House Speaker Paul Ryan "is going to need a lot of Democrat votes to pass what would be the largest welfare program sponsored in the history of the Republican Party," said Rep. Mo Brooks, a Republican from Alabama.
After the meeting that stretched into two hours Tuesday night and included guest appearances by House Rules Committee Chairman Pete Sessions and White House Budget Director Mick Mulvaney, Freedom Caucus members emerged unfazed by the very public endorsement President Donald Trump had given the House bill in the hours before.
"When the administration has spoken to our members in private meetings, the discussions have been more about finding ways to move forward together and not about take it or leave it," said Rep. Justin Amash, a Republican from Michigan, who also told reporters he ordered "The Art of the Deal" during the meeting.
The House Freedom Caucus' hardline position puts them on a collision course with leadership, which is beginning its whip operation this week and is committed to the legislation that was introduced Monday night by the House Ways and Means and Energy and Commerce Committees with some changes possible around the edges.
House Speaker Paul Ryan told reporters Tuesday that he guaranteed there would be 218 votes for the bill by the time it got to the House floor.
Rep. Raul Labrador, an Idaho Republican, said: "I don't think there is any tinkering that will get us to 218."
Members rejected the idea that Republican leadership was trying to sell that the party only has one shot to pass a repeal-and-replace package.
"It's never true that you have to take whatever bill is given to you," Amash said. "That's just not true."

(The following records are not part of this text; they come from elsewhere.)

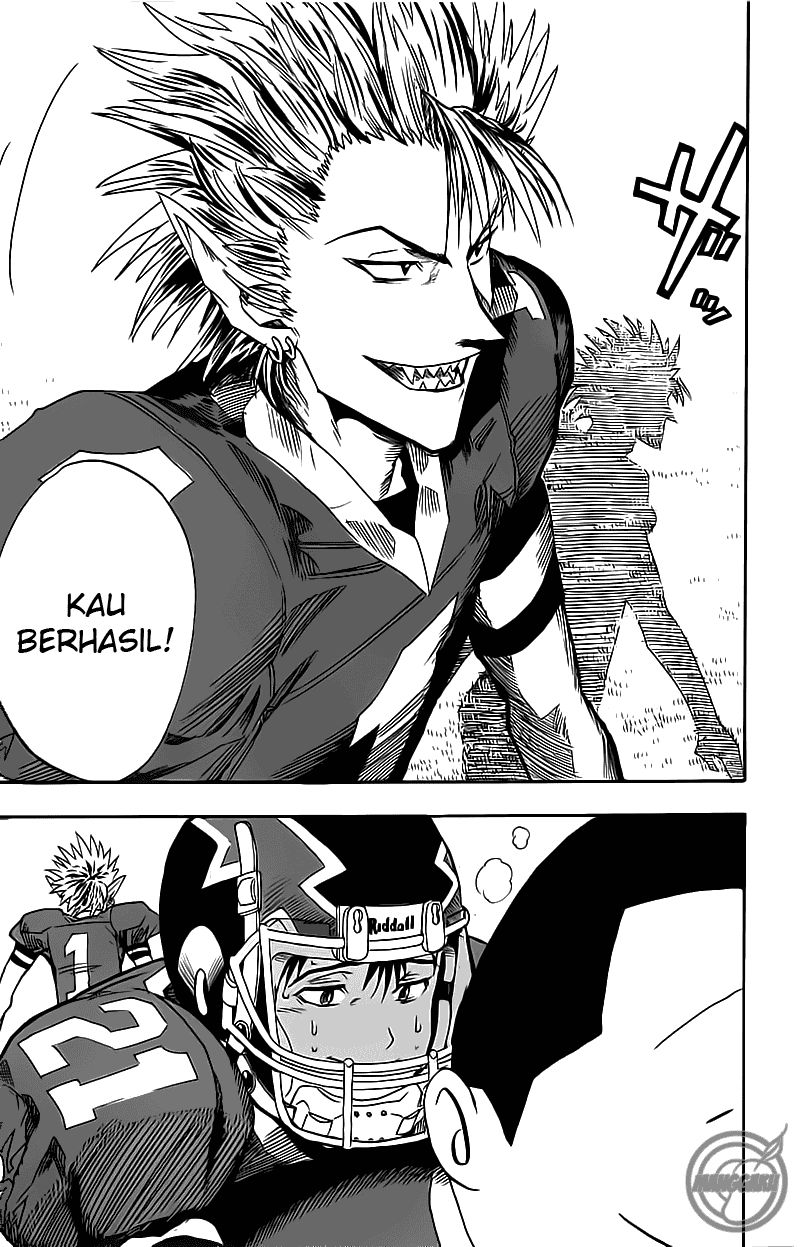 Eyeshield 21 Bab 19 halaman 4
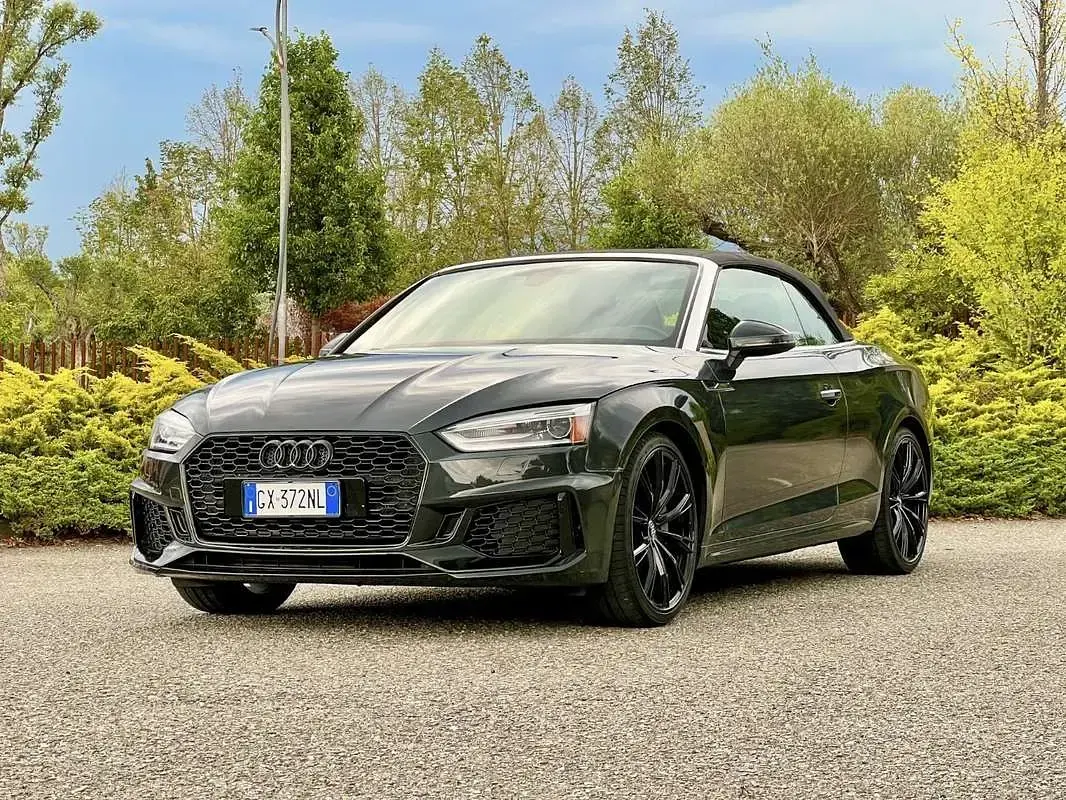Usata Audi A5 Cabriolet Premium 252 CV (185 kW) 2018 Cabrio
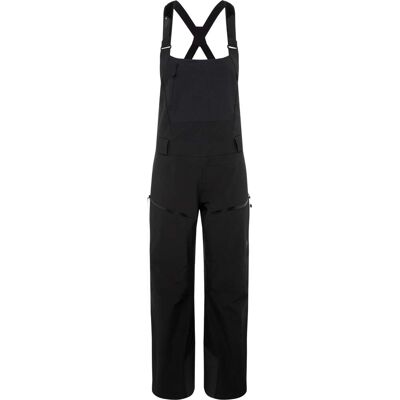 Black Diamond Dreilagige Latzhose W Recon Stretch Bibs Black für Damen Größe L schwarz Black Diamond Dreilagige Latzhose W Recon Stretch Bibs Black für Damen Größe L schwarz
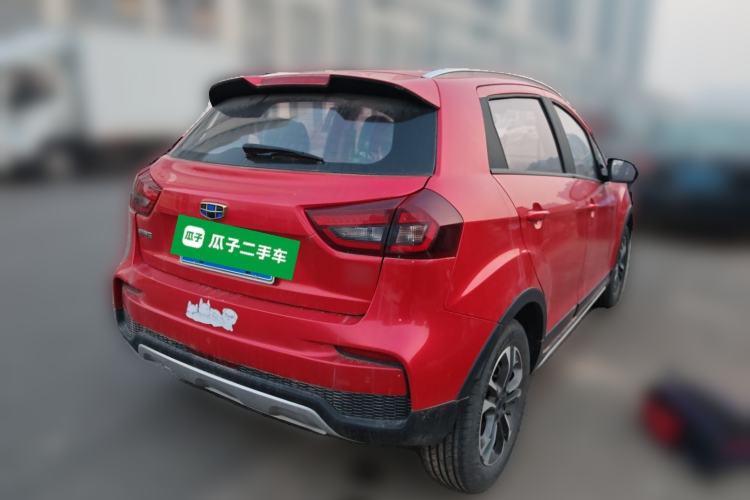 Used Geely Auto Vision X3 2019 Upgraded Model 1.5L CVT Prestige Version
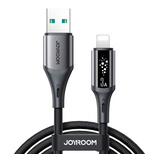 Joyroom S-A60 StarTalk 3A USB-A - Lightning Kabel 1,2 m - schwarz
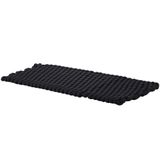 Rede Flutuante Tricô Náutico Pequena Trama Original Azul Marinho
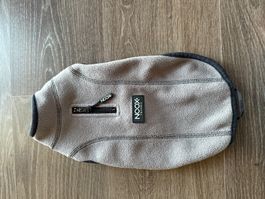 Noox Hundemantel Fleece / Grösse 2 / Grau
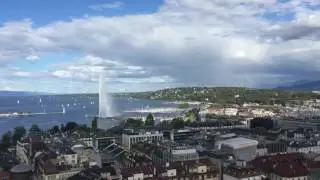 Welcome to Geneva ! Добро пожаловать в Женеву !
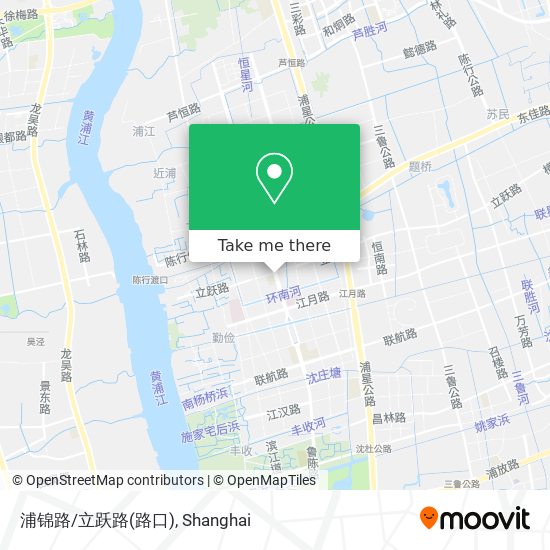 浦锦路/立跃路(路口) map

Not every member of the House Freedom Caucus was diametrically opposed to the legislation, however. One member, Rep. David Schweikert, a Republican from Arizona who also sits on the House Ways and Means Committee, said he was supportive of that committee's portion of the legislation advancing to the next step, but even he noted that right now the House leaders "probably don't" have the votes to pass their bill through the House.
He noted, however, that many members likely hadn't even had a chance yet to read through the bill.
"There's also a lot of members here that are just now probably tonight sitting down for the first time with even the general text," Schweikert said.